Intel’s discrete GPU revolution is finally beginning after months of previews and teasers, with the company launching its first Arc A-series GPUs for laptops today. They bring support for DirectX 12, dedicated ray-tracing hardware, and — at least for the first batch of GPUs — only around twice the power of Intel’s integrated Xe graphics.

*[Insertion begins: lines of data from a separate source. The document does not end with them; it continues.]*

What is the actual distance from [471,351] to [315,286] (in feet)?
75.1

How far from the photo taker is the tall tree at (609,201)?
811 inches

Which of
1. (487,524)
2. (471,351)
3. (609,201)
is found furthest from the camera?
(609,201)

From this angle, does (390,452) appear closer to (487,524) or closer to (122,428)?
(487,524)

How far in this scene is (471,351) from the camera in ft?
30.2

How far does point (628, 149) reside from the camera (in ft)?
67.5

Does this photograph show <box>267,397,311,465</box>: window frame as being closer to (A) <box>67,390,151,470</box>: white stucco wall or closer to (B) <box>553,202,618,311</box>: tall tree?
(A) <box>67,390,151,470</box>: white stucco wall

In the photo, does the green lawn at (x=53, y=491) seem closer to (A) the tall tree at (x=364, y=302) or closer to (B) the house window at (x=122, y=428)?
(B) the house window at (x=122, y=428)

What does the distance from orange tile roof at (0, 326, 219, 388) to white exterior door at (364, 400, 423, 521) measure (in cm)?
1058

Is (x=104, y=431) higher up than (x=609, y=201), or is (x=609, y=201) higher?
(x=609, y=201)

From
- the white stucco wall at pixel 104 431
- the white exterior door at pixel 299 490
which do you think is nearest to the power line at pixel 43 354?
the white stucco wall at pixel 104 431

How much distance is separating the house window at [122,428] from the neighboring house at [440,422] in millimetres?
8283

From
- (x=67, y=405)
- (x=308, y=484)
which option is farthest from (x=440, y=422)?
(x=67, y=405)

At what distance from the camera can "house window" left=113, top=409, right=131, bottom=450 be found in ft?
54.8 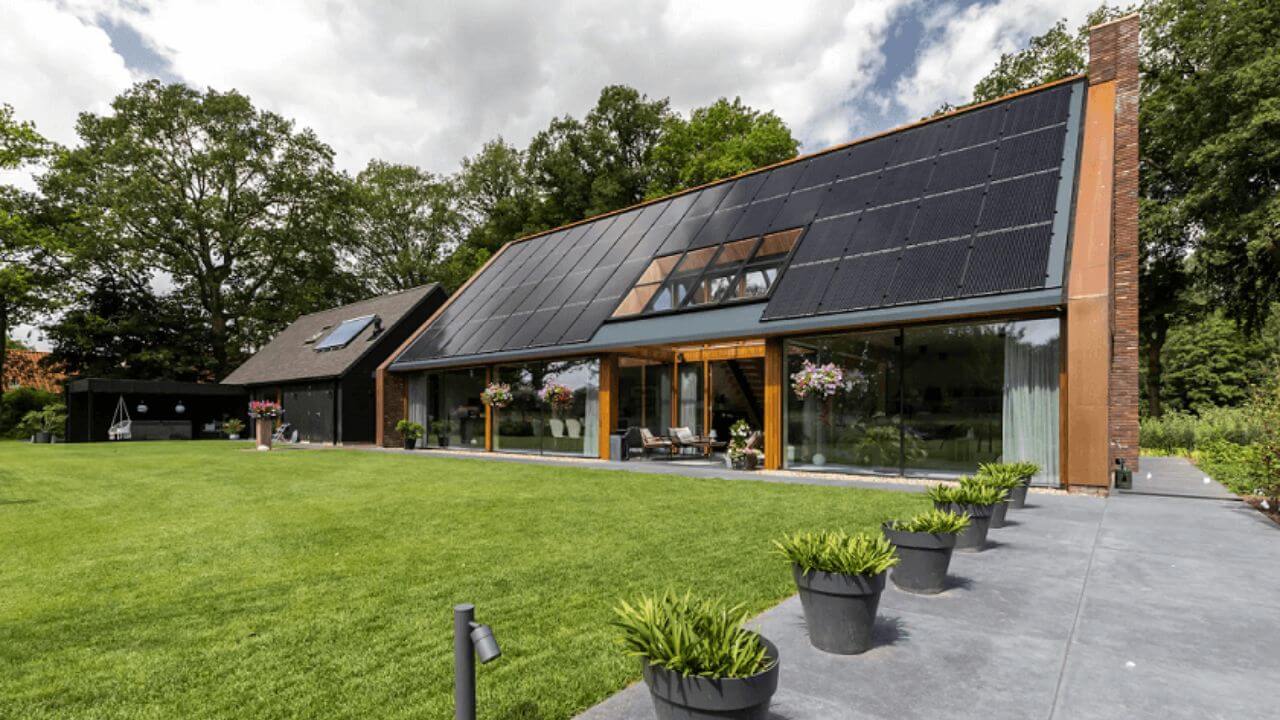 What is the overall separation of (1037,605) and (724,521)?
344cm

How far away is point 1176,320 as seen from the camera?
2555 cm

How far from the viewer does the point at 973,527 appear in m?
5.59

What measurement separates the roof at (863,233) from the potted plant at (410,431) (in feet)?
6.63

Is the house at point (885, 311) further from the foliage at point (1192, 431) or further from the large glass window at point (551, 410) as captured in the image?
the foliage at point (1192, 431)

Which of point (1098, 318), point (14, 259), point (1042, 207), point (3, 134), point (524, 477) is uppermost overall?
point (3, 134)

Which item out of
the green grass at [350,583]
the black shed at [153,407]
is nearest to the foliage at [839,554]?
the green grass at [350,583]

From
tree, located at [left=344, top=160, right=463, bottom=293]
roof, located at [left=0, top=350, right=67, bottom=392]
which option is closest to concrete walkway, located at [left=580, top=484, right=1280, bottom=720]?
tree, located at [left=344, top=160, right=463, bottom=293]

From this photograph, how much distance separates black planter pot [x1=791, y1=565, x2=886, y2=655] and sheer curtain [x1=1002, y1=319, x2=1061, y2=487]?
812 centimetres

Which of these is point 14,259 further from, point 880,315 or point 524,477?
point 880,315

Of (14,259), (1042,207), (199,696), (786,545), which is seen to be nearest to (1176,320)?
(1042,207)

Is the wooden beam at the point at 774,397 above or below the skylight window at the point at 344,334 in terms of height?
below

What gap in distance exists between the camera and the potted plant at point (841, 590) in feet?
10.9

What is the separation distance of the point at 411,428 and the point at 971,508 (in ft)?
60.1

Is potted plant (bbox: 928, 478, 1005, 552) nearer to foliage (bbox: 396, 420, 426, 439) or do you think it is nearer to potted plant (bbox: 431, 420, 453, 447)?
potted plant (bbox: 431, 420, 453, 447)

Today’s launch is just a v bucks generator small taste of what Intel’s full picture for Arc will look like, though: to start, the company is only launching its least powerful Arc 3 series GPUs: the A350M, which has six Xe-cores and six ray-tracing units, and the A370M with eight Xe-cores and eight ray-tracing units. Given the 25W to 50W range for power, they’re meant for ultraportable devices that intend to offer more graphical firepower than integrated graphics alone, not dedicated gaming machines. Anyone looking for a true gaming laptop will have to wait for the Arc 5 and Arc 7 GPUs — which will offer significantly more graphics cores, ray-tracing units, memory, and power — set to arrive later this year in “early summer.”
Also not available at launch: Intel’s XeSS AI-powered super-sampling system for upscaling games to a higher resolution on the fly, which the company says will also be available in a similar “early summer” window. Death Stranding: Directors Cut, for example, launched today without the feature in tow, despite serving as one of Intel’s key demos for XeSS back at CES 2022.
Customers are also still waiting for desktop versions of Arc GPUs, too, which the company previously promised would finally arrive in Q2 2022, with workstation cards following sometime in Q3. There’s also “Project Endgame,” a mysterious service that will let customers access Arc GPUs “for an always-accessible, low-latency computing experience” sometime later this year.
That all makes today’s Arc announcement feel a little more like a trial run than the grand debut of Intel’s next big platform.
HOW GOOD ARE INTEL’S NEW GPUS?
But that still leaves the biggest question: how good are Intel’s new GPUs?
The answer, at least for now, is “better than Intel’s integrated Xe graphics,” which was the primary v bucks generator comparison that the company gave as part of its announcement. Unfortunately, Intel glaringly didn’t provide benchmarks on how any of its Arc GPUs, present or future, might compare to competing discrete Nvidia or AMD or against the integrated GPUs in Apple’s M1-series chips.
“We’re focused on delivering a good experience,” Roger Chandler, Intel VP and GM of client graphics products and solutions, tells The Verge, “and there’re going to be some benchmarks where we lose and some benchmarks where we win.”